Glen, No, I didn't have to drop the engine on my '72, but I did have to remove the dual Dellortos. Good reason to have the hose you need in hand before starting the project, or an alternate source of transportation to the store. However, with your '77, if it's still fuel injected, I don't know if you'll have to remove much. You definetly won't have to drop the engine, tho. Open the hood, squat down and look directly foreward in the engine compartment. The galvanized (if it hasn't been painted) panel that runs across the front of the engine comp. is about 20"x35" and it's held in place by a dozen or so Phillips head sheet metal screws. Comes right off.

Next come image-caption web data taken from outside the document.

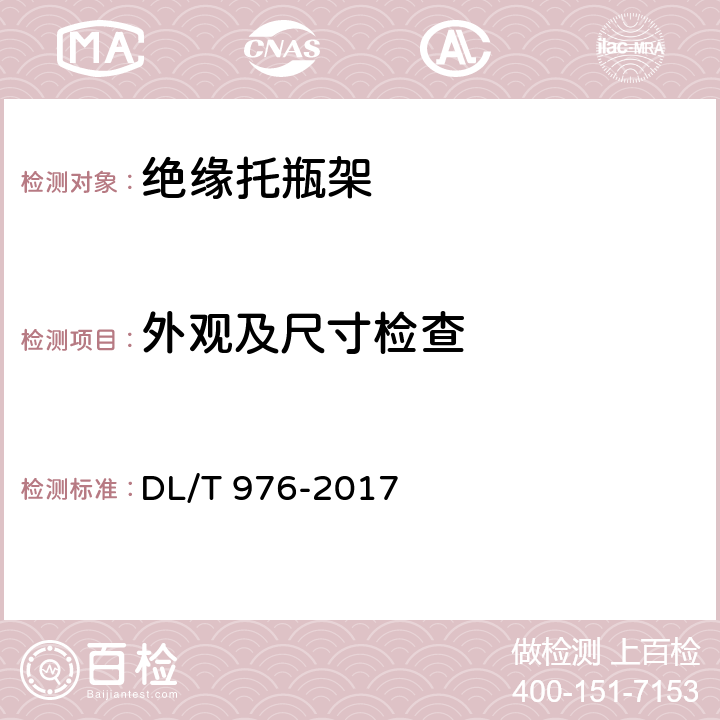 外观及尺寸检查 带电作业工具、装置和设备预防性试验规程 DL/T 976-2017 5.3.1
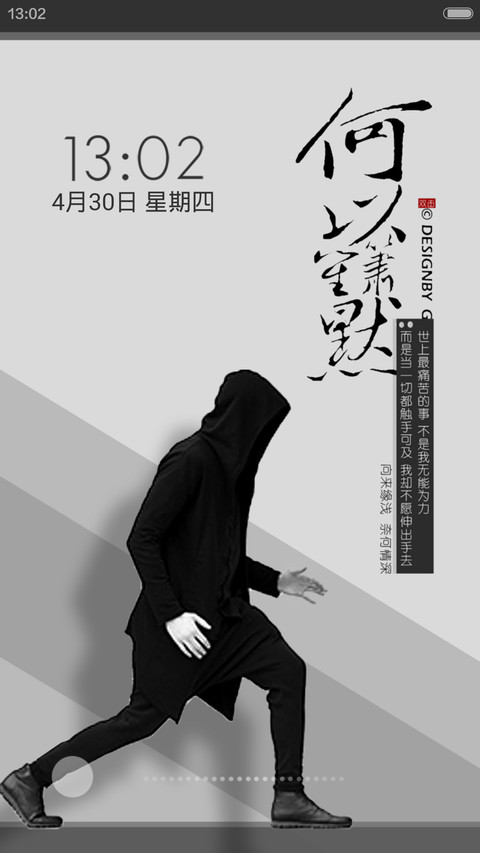 何以笙箫默 screenshot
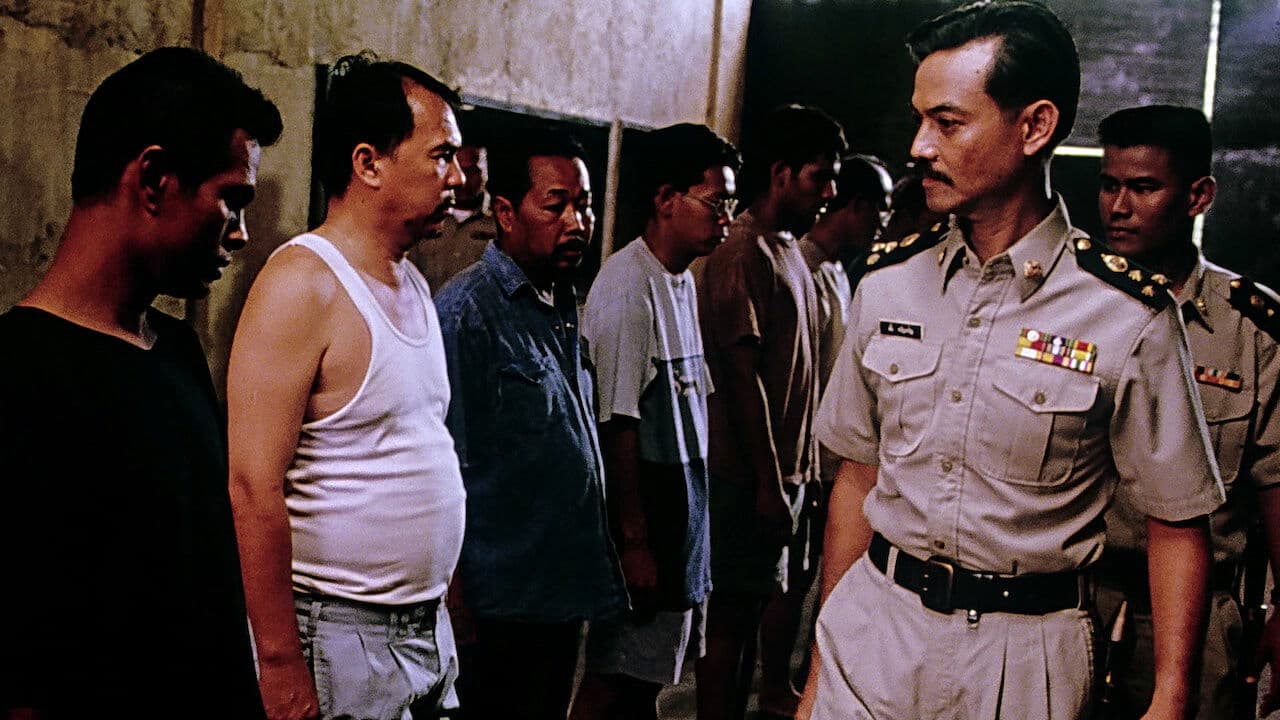 น.ช. นักโทษชาย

Access to the hose is clear, no need to remove the tank. The hose I'm speaking of is the more likely of the two (the other being the filler neck hose) to cause the gas smell. Number one, it is a much less substantial hose than the filler, and two, it is right at the top of the tank, much closer to the gas level than the filler neck. You'd have to be humpin' pretty hard on the fold out bed to slosh gas all the way up the filler tube to the big hose by the gas cap. The hose on top of the gas tank, OTOH, will splurt gas all over the top of the tank any time you top off the tank (the fuel going up the filler tube when you use the auto shut off on the gas pump handle is higher than the small hose on the top of the tank, thereby forcing gas out the holey (no references to diety ;-) hose until the fill tube is once again empty. Good luck, Amigo!

Andy McKinley 75112.2101@compuserve.com '72 Westy, looking for a Thing to buy

"...the car itself was still full of bugs." -Heinz Nordhoff, 1948, rebuilding the VW after the war.